Dataset entries
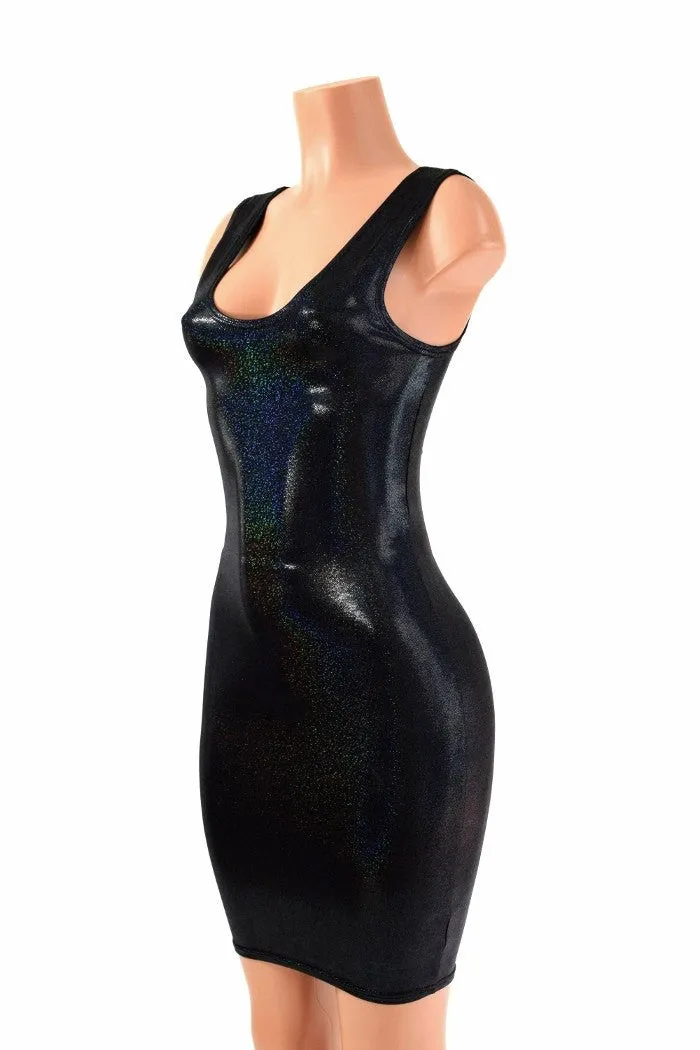 Black Holographic Tank Dress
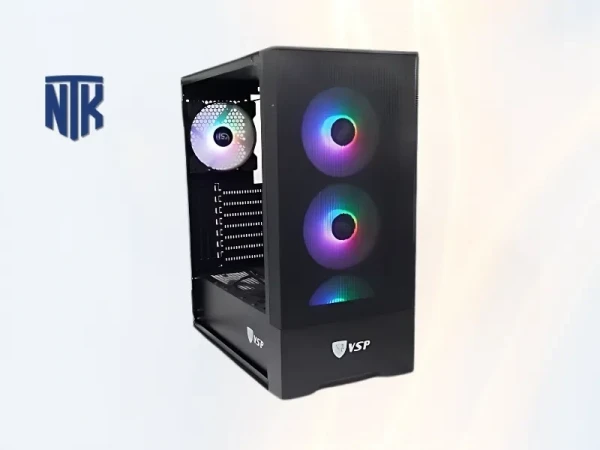Vỏ case VSP FA06 | ATX/Mid Tower | Màu đen | 4 Fan Led 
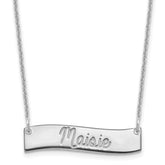 10k White Gold Small ALWAYS IN MY HEART Curved Bar Necklace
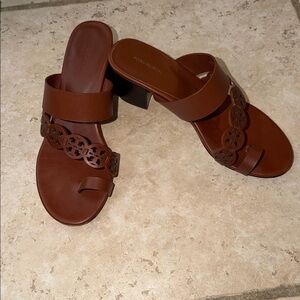 Tory Burch Brown Leather Slide Sandals with Logo Cutout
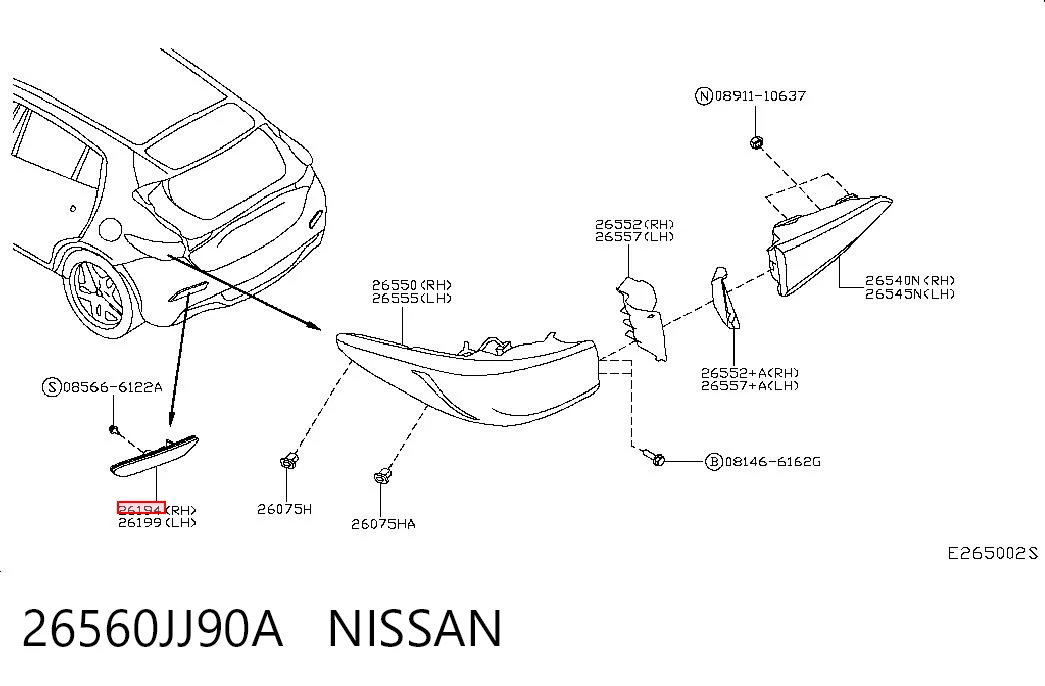 26560JJ90A Nissan/Infiniti Правый катафот бампера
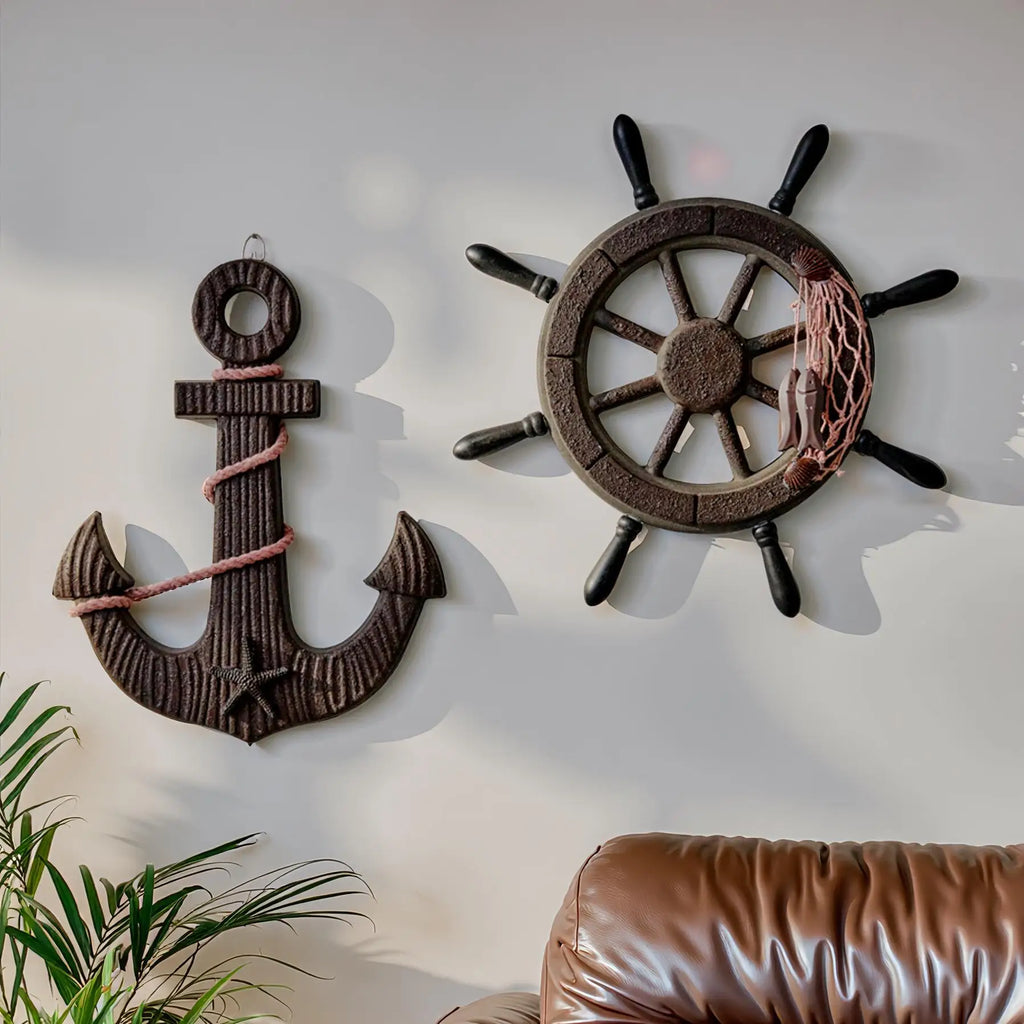 Handcrafted Distressed Mediterranean Wooden Ship Wall Hangings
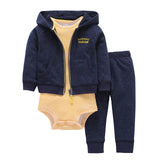 Sets 1 hooded zipper coat + pants + romper fashion cotton 2017 Baby Boy girl Clotheschildren boys cute Clothing free shipping - Appu & Appi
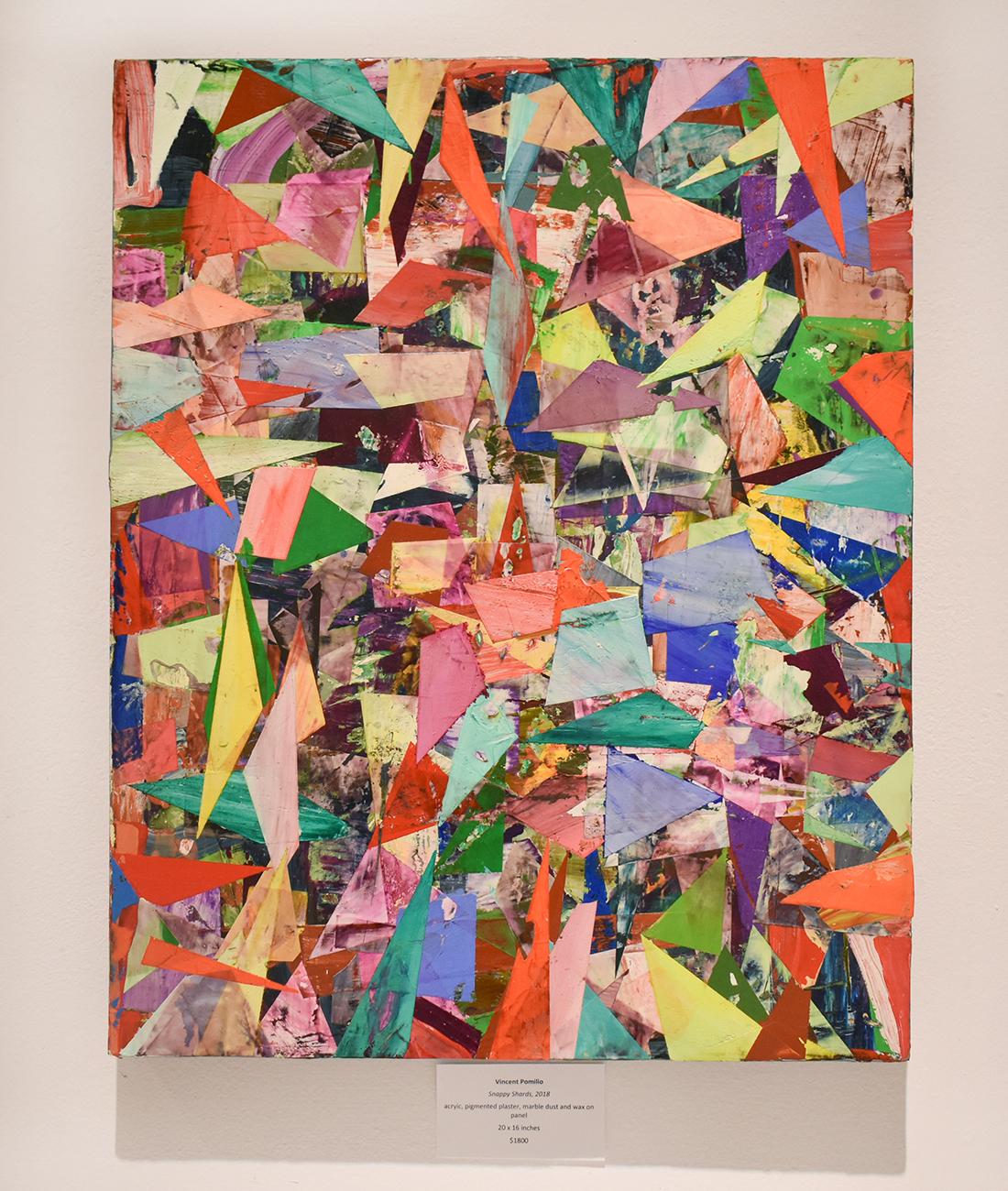 Snappy Shards (peinture abstraite multicolore sur panneau avec supports mixtes) - Abstrait Painting par Vincent Pomilio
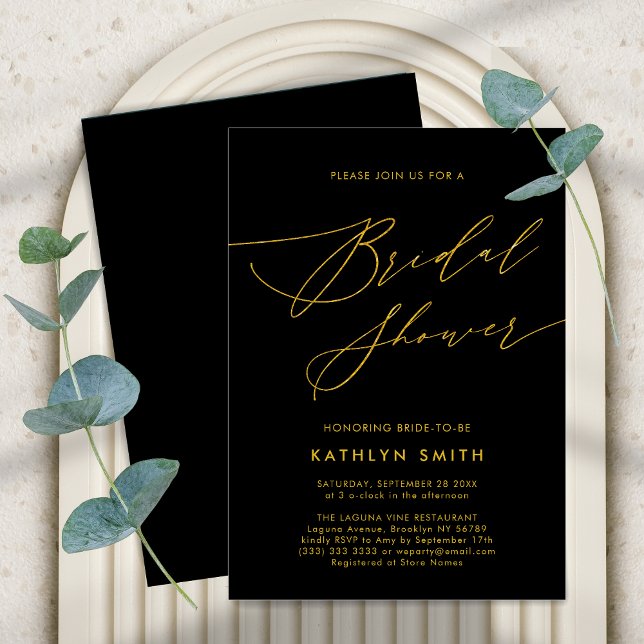 Invitación Black Gold Elegant Script Moderno Bridal Shower (Subido por el creador)
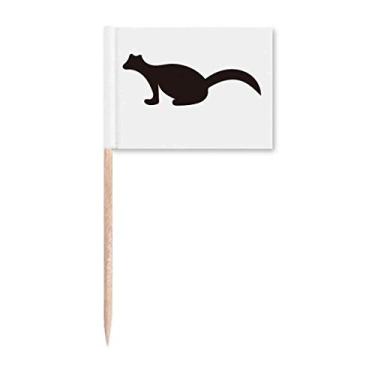 Imagem de Bandeira de palito de dente em retrato de animal preto Polecat marcador para decoração de festa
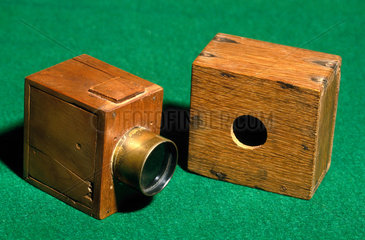 Two of W H F Talbot’s experimental ‘mousetrap’ cameras  c 1835.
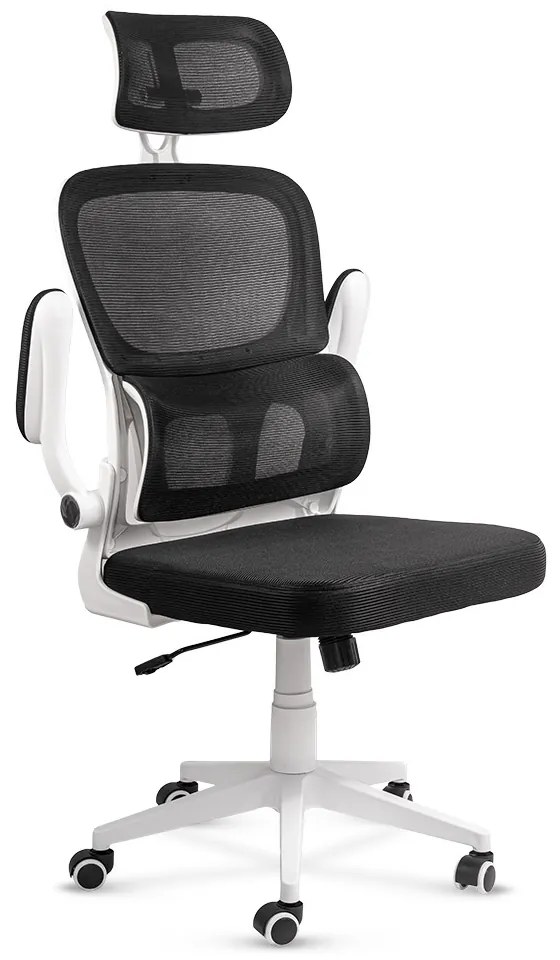 Scaun ergonomic din mesh cu suport lombar si brate rabatabile OFF 432 negru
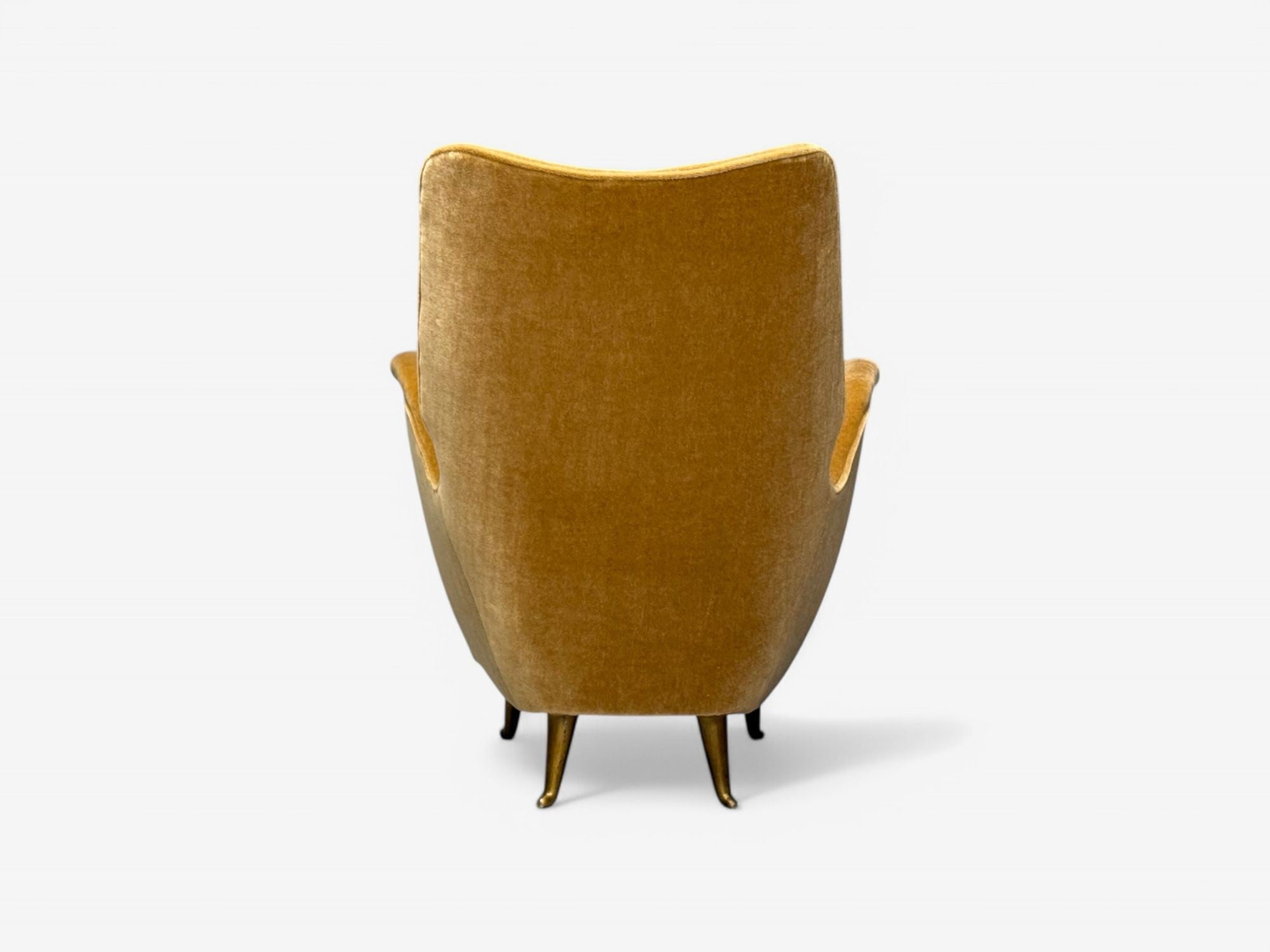 ISA Bergamo, Italian Mid-Century, Bronze, Camel Mohair, Lounge Chairs, 1950s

TASK ITEM: Starting from the line with "Vỏ case VSP" in the records above, repeat each line exactly until you have written the line with "Invitación Black Gold", then stop; drop the pictures.

EXERCISE SOLUTION:
Vỏ case VSP FA06 | ATX/Mid Tower | Màu đen | 4 Fan Led 
 10k White Gold Small ALWAYS IN MY HEART Curved Bar Necklace
 Tory Burch Brown Leather Slide Sandals with Logo Cutout
 26560JJ90A Nissan/Infiniti Правый катафот бампера
 Handcrafted Distressed Mediterranean Wooden Ship Wall Hangings
 Sets 1 hooded zipper coat + pants + romper fashion cotton 2017 Baby Boy girl Clotheschildren boys cute Clothing free shipping - Appu & Appi
 Snappy Shards (peinture abstraite multicolore sur panneau avec supports mixtes) - Abstrait Painting par Vincent Pomilio
 Invitación Black Gold Elegant Script Moderno Bridal Shower (Subido por el creador)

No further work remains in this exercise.